• [The data]:

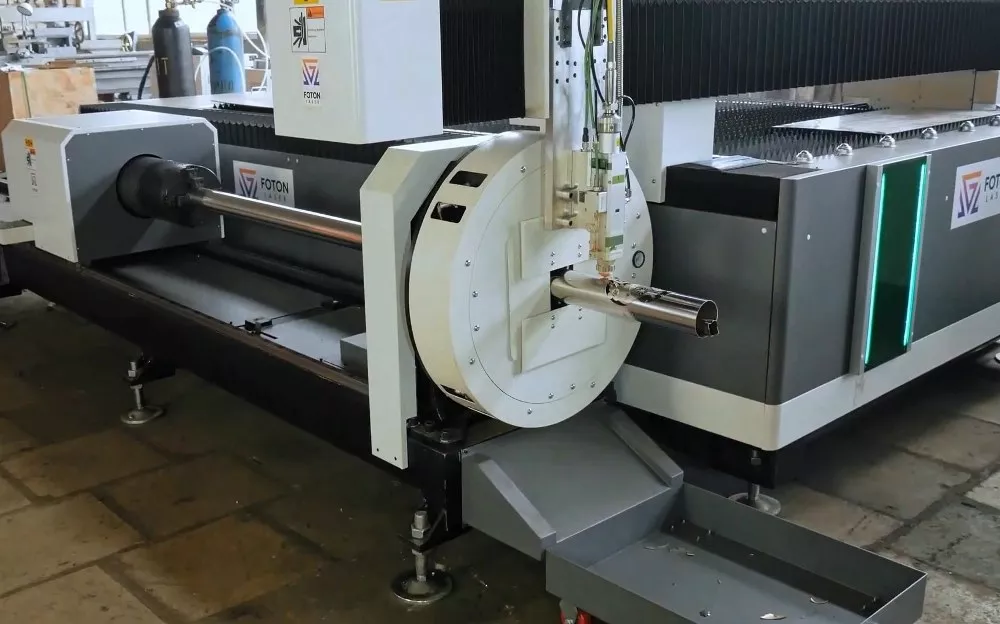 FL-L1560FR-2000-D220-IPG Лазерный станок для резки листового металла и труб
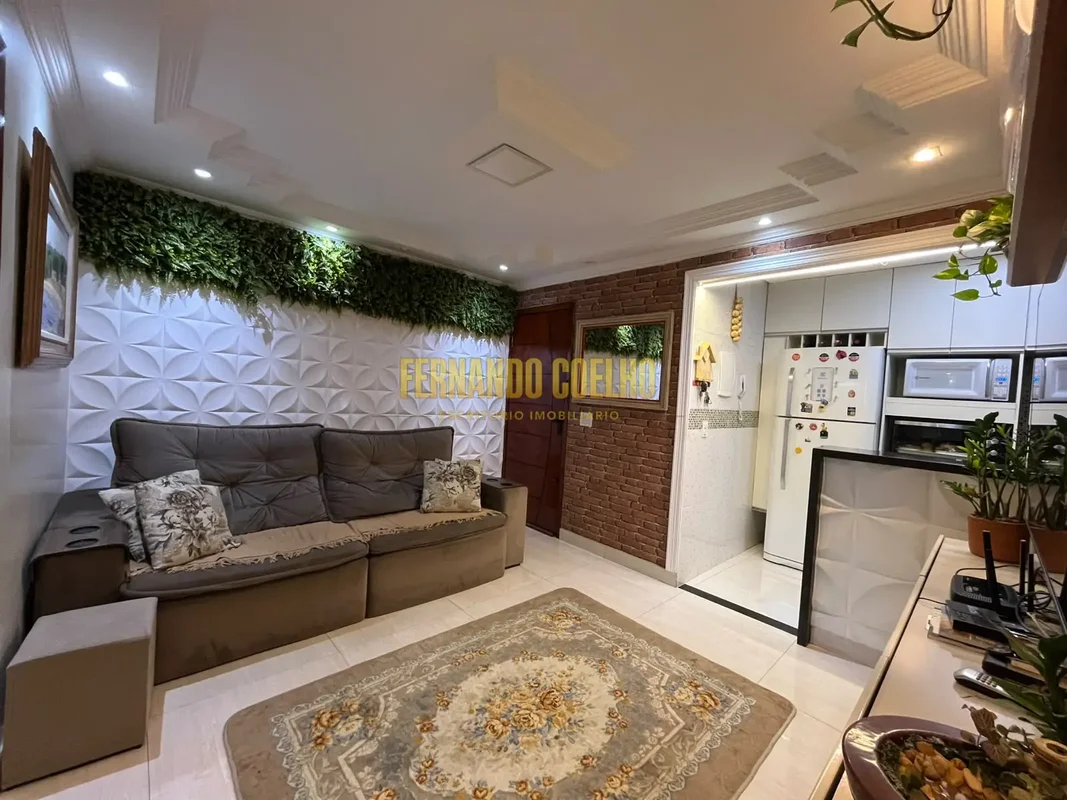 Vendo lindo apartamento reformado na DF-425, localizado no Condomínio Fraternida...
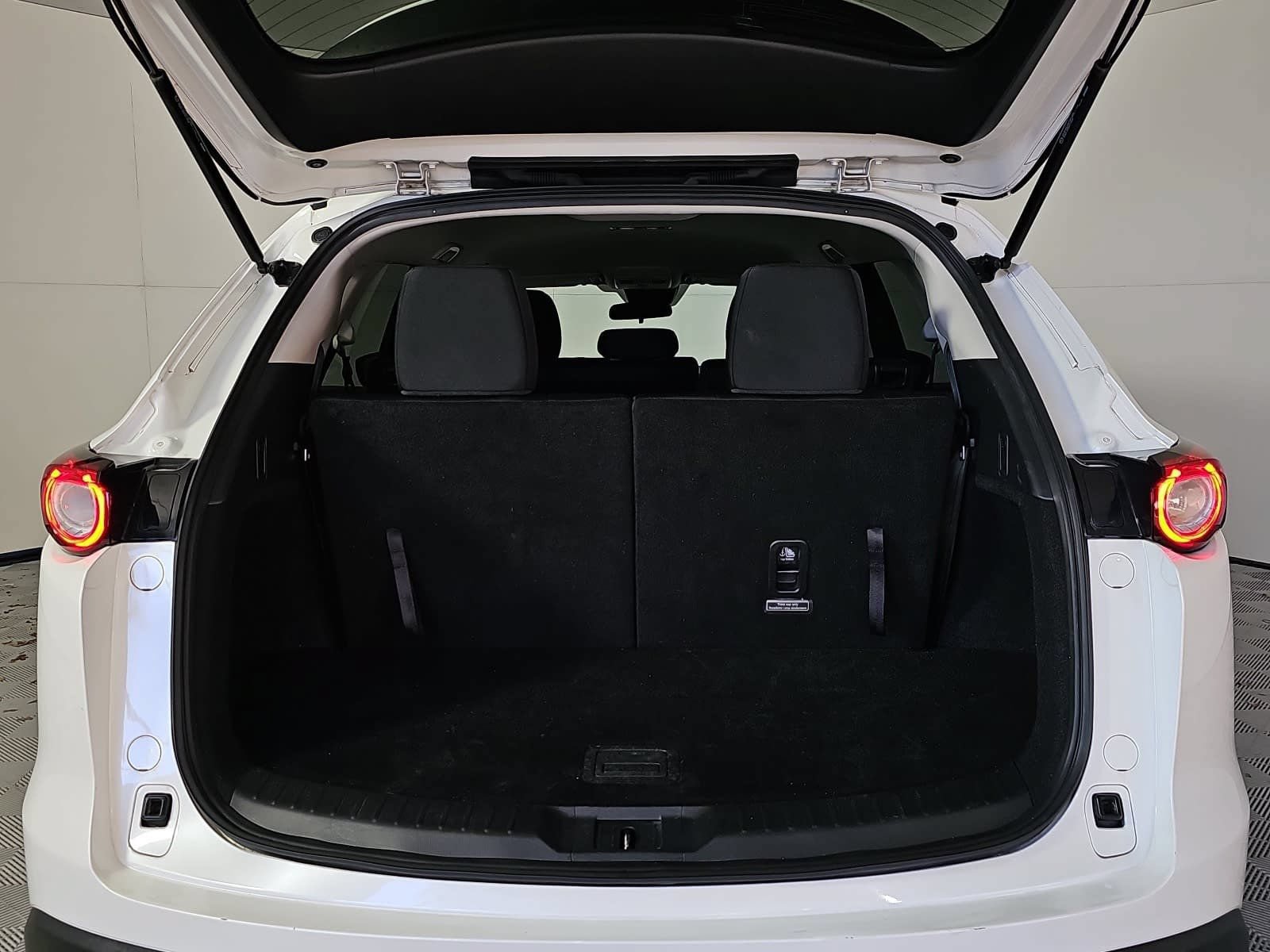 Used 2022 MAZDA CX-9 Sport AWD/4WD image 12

• [Prompt]: What is needed is the full material, retyped unchanged, with no pictures in it.

• [Result below]:
 FL-L1560FR-2000-D220-IPG Лазерный станок для резки листового металла и труб
 Vendo lindo apartamento reformado na DF-425, localizado no Condomínio Fraternida...
 Used 2022 MAZDA CX-9 Sport AWD/4WD image 12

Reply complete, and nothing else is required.